Egypt has a tight fiscal policy space, hence fear of mounting public debt and resulting inflationary pressures on the economy is at the center of a debate around the packages. In addition, the adequacy of the packages to compensate for the negative effects of the crisis is questionable. Nevertheless, the current temporary cut in customs duties and sales taxes on industrial inputs and capital goods may ease the pressure somewhat, and has a faster impact than does government expenditure, such as that on infrastructure, actual disbursements of which may be delayed for practical, administrative, and logistical reasons. Removing or substantially reducing sales taxes (for a preannounced limited period) may also boost domestic demand along with increases in infrastructure. Infrastructure programs should be targeted to alleviate supply bottlenecks, which can include public housing near industrial zones.

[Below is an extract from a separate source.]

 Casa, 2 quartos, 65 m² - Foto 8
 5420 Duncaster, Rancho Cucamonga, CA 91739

Efforts to increase the geographical diversity of Egypt’s TC trading partners need to be strengthened by increased competitiveness, resolving implementation problems under the Greater Arab Free Trade Area (GAFTA) and negotiating free trade agreements with new partners. Reviving stalled trade talks with the USA to first relax conditions on TC exporters currently applicable under the QIZ agreement, and second to lobby for better market access for non-QIZ exports, as many of these exports do not benefit from the US Generalized System of Preference (GSP) treatment under US trade rules
There should not be recourse to increased protectionism, but further reductions in tariffs should be implemented gradually. Since the phase-out of the quota system in 2005, Egypt has imposed a number of remedy actions though dealing with the genuine structural problems underlying the industry remains the most sensible policy route. Protectionist measures such as tariffs create a bias against exports by increasing the price of foreign competing products on the domestic market rendering the domestic market relatively more attractive for domestic producers and increases domestic market prices borne by domestic consumers.
Providing conditional and finite incentives
As a cotton producer with a substantial domestic market for final products, one might expect to see a large, competitive industry serving that market. And given that Egyptian cotton is amongst the world's best, a vibrant high-end export sector might also be expected. Unfortunately, neither of these is the case.

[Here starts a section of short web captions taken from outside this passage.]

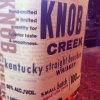 knob_creek2.jpg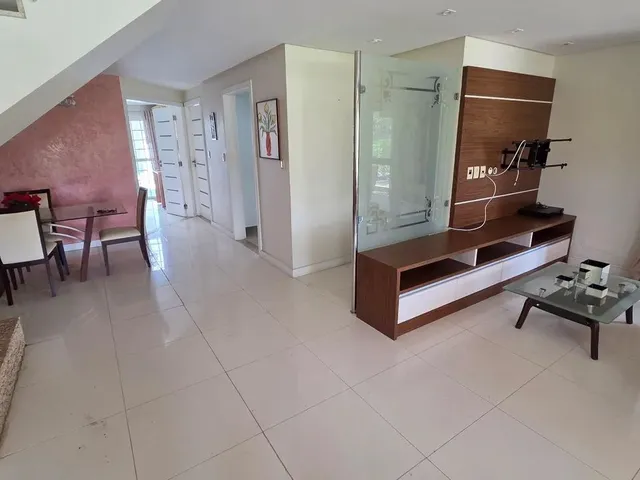 Imagem 15: Casa em Condomínio Priscila Dutra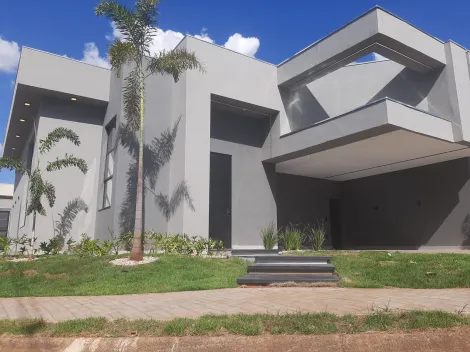Casa / Condom&iacute;nio em Mirassol 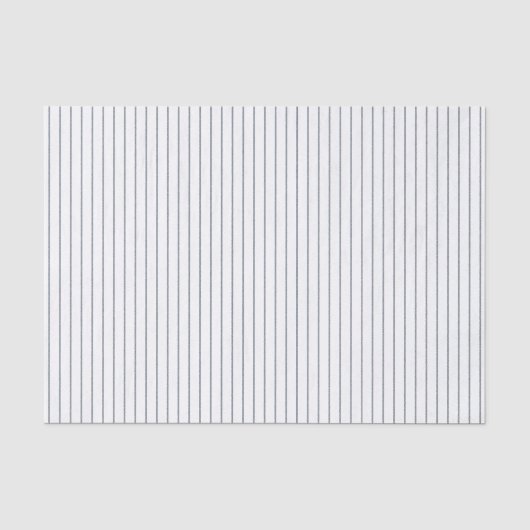 Mousseline Frappe de cordon de baseball bleu 02-TISSUE PAPIER (Recto)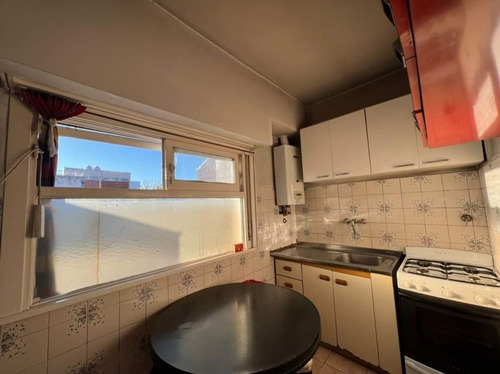 Imagen 10 de 21 de Ph En Venta 5 Ambientes Con Balcon Y Terraza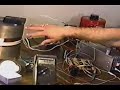 HB motor2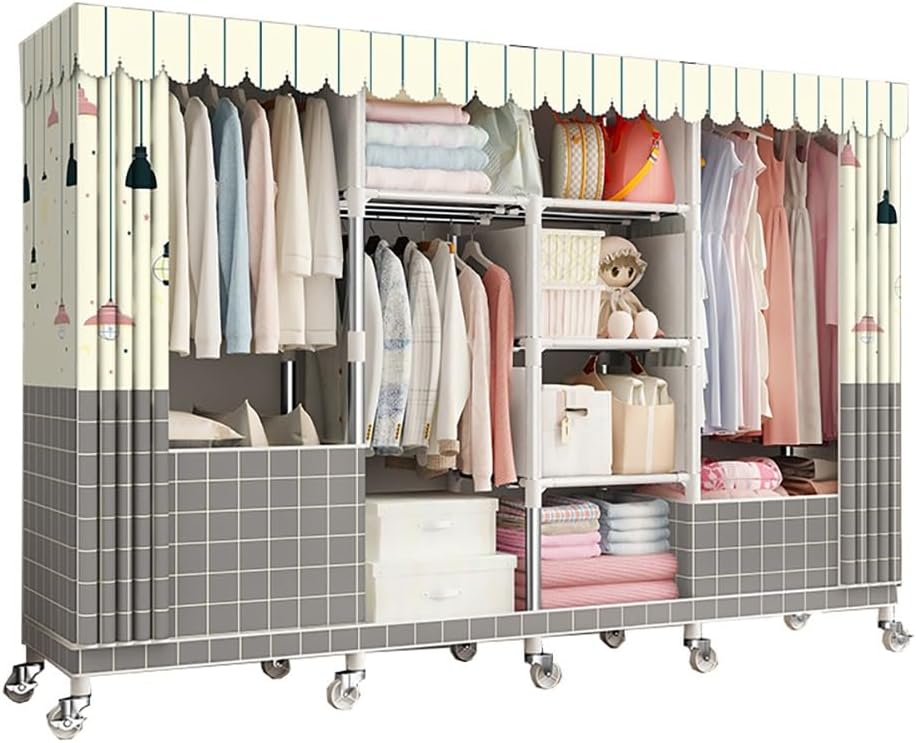 2025年最新】Yahoo!オークション -ラタンミラーの中古品・新品・未使用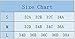 (Women's Sports Bras Gym Yoga Top Zipper Front Breathable Bras Double Wear Bras L, blue)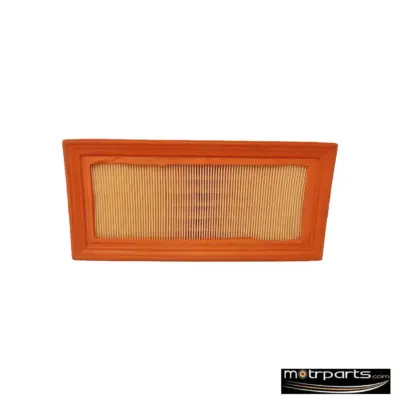 Elofic Fiat Uno Air Filter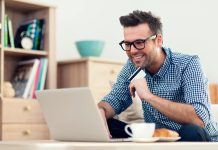 Курс Ethereum: особенности выгодного обмена QIWI на ETH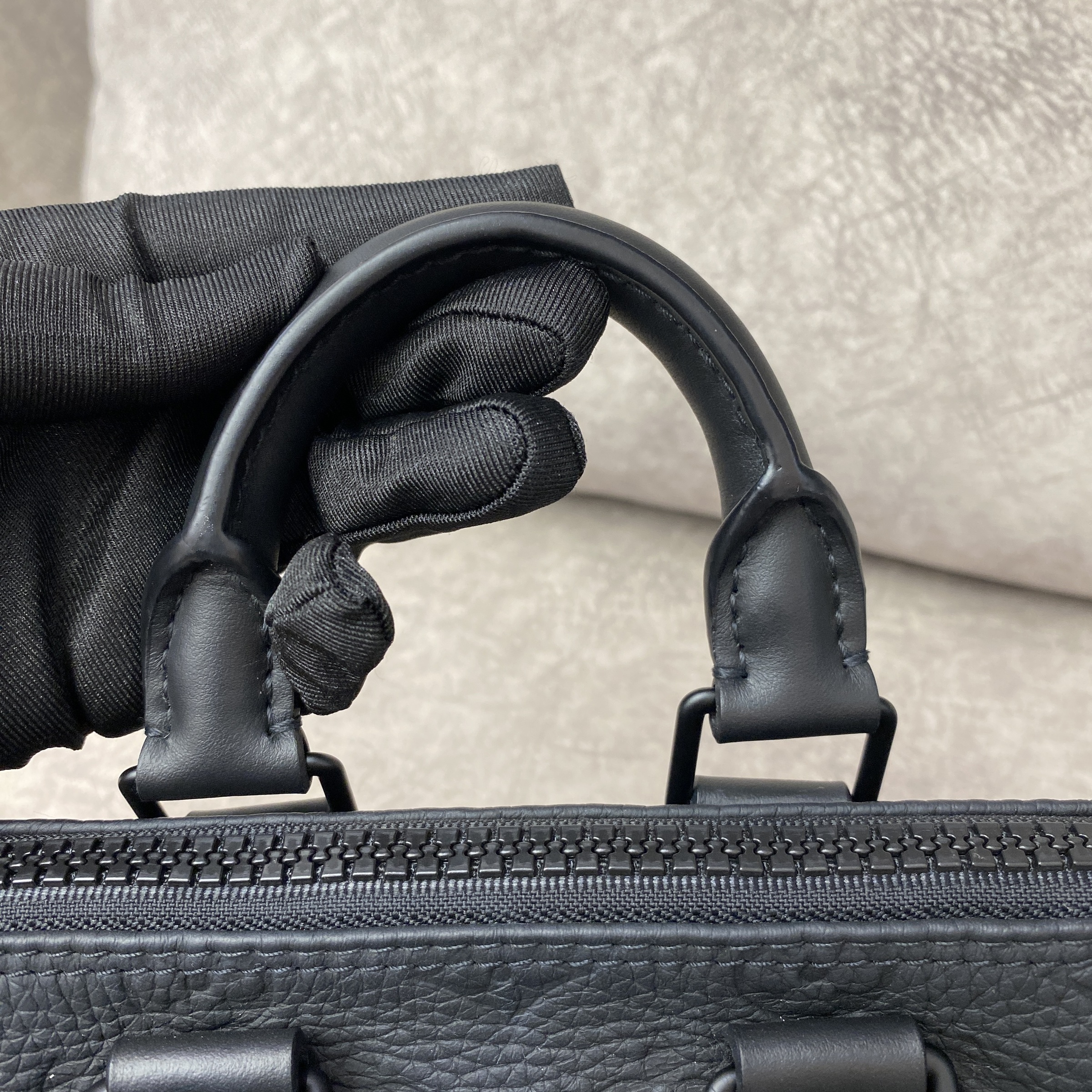 IMG_0799-1777174207094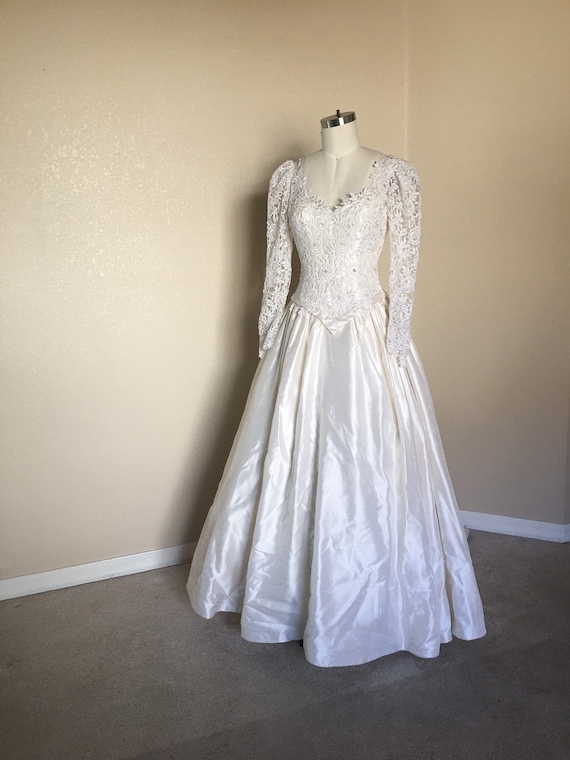 Saks fifth avenue bridal discount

Egypt benefitted from the Multi-Fiber Arrangement (MFA). The country’s exports were not close to its quota limits, gaining from the fact that more competitive countries like China, Bangladesh, Vietnam, and even Turkey were constrained. With the tariff reductions required by Egypt's membership to the World Trade Organization (WTO), Egyptian producers are unable to compete with lower cost overseas producers, especially those in China, losing market share at home, and would have done so abroad were it not for continued preferential treatment, notably under the European-Mediterranean Partnership agreement entering into force in 2004 and the Qualified Industrial Zones (QIZ) arrangement with the USA and Israel, which came into force in 2005—nearly three-quarters of TC exports fall under these agreements. In spite of the fact that Egypt also benefitted from both the USA and EU applying safeguard quotas on China since 2006 (on 34 categories in the case of the US and 10 in the EU case since 2006)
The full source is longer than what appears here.